Nasdaq's Pursuit of Exchange Status and an Initial Public Offering


 

Publication Date: March 2005

Publisher: Library of Congress. Congressional Research Service

Author(s):

Research Area: Banking and finance

Type:

Abstract:

Until recently, the Nasdaq stock market was a for-profit, but wholly-owned subsidiary of the nonprofit National Association of Securities Dealers, Inc. (NASD), the largest self-regulatory organization (SRO) for the securities industry. In 2000, in a strategic response to an increasingly competitive securities trading market, the NASD membership approved spinning off the for-profit NASD-owned Nasdaq and converting it into a for-profit shareholder-owned market that later planned to issue publicly traded stock.

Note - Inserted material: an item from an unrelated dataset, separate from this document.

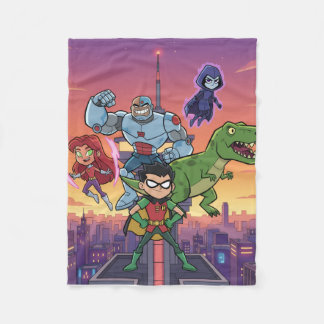  les tentants fleece blanket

The process has three broad stages: (1) issuing privately placed stock; (2) converting to technical exchange status; and (3) issuing publicly-held stock. Stage one, the private placement stage has been completed. In March 2001, Nasdaq submitted an application for exchange status to the Securities and Exchange Commission (SEC). Obtaining exchange status is necessary for Nasdaq to proceed to stage three of Introduction, its conversion to an independent shareholder owned market -- a public stock offering.

A major reason that the SEC continues to hold up Nasdaq's exchange application is that exchanges must comply with a trading protocol in which they provide execution priority to the best priced offers to trade known as price priority. As an association and not an exchange, Nasdaq is not beholden to such a rule. And SEC officials have been reluctant to grant it exchange status without a price priority trading protocol, which Nasdaq officials say is an intrinsic and beneficial part of its business model.